What to work on:
Output the data verbatim, minus the images.

Stored data:
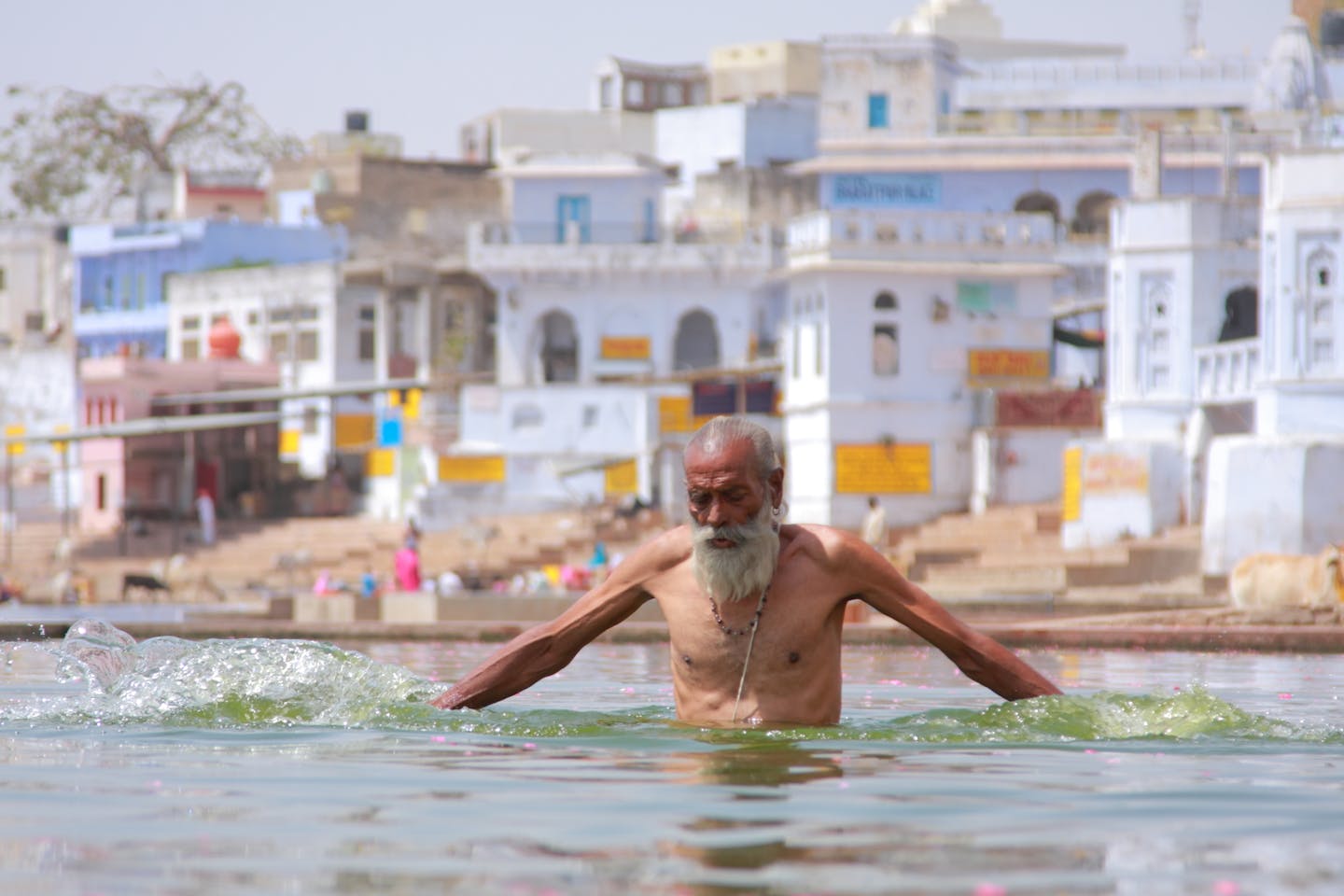 indian man bathing on a hot day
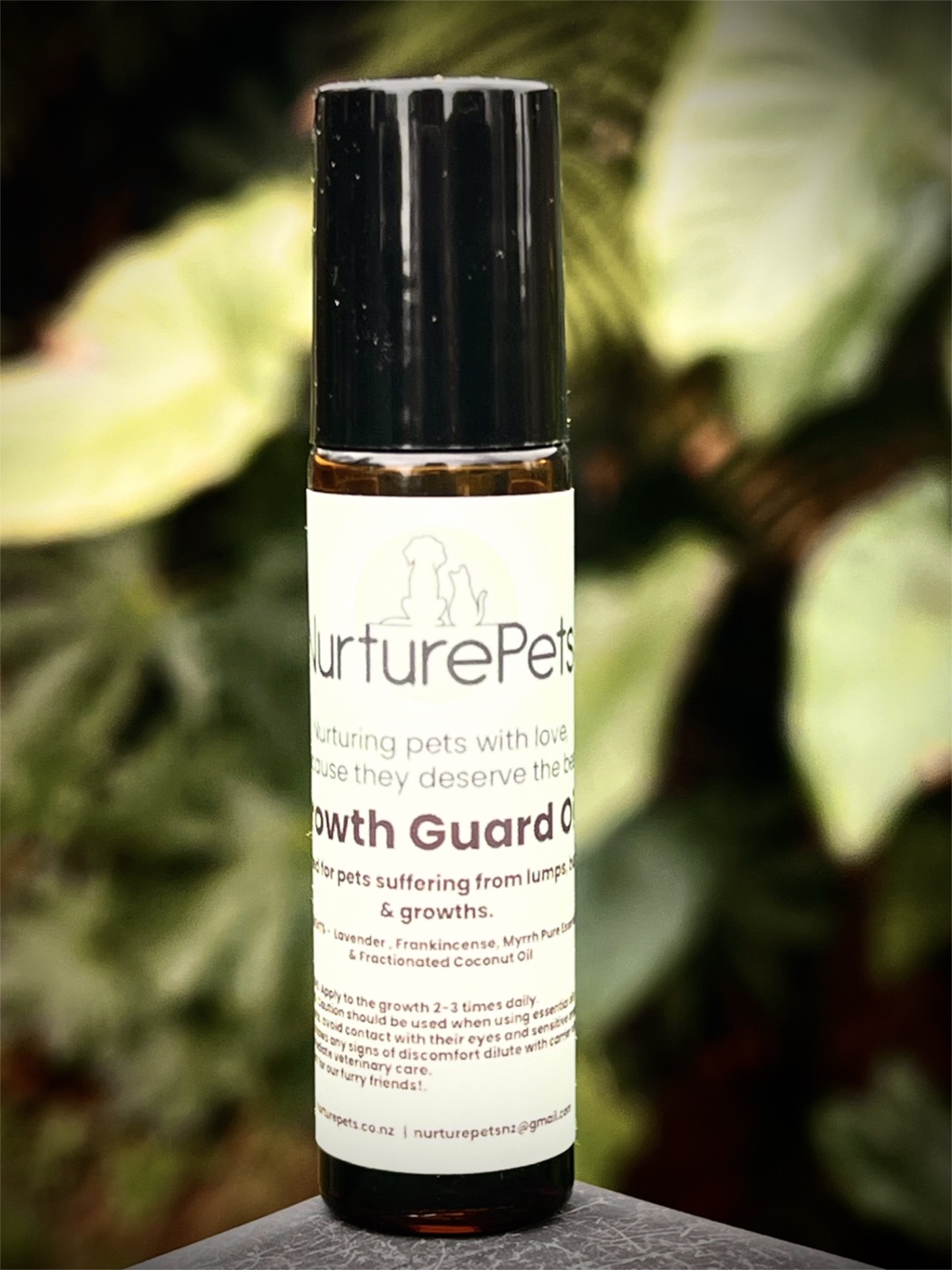 Nurture Pets Growth Guard essential oil roller on foliage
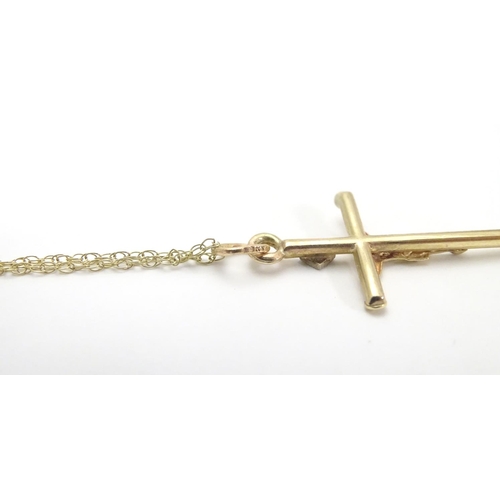 479 - A 9ct gold pendant formed as a crucifix set with single diamond on a 18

Solution to this exercise:
 indian man bathing on a hot day
 Nurture Pets Growth Guard essential oil roller on foliage
 479 - A 9ct gold pendant formed as a crucifix set with single diamond on a 18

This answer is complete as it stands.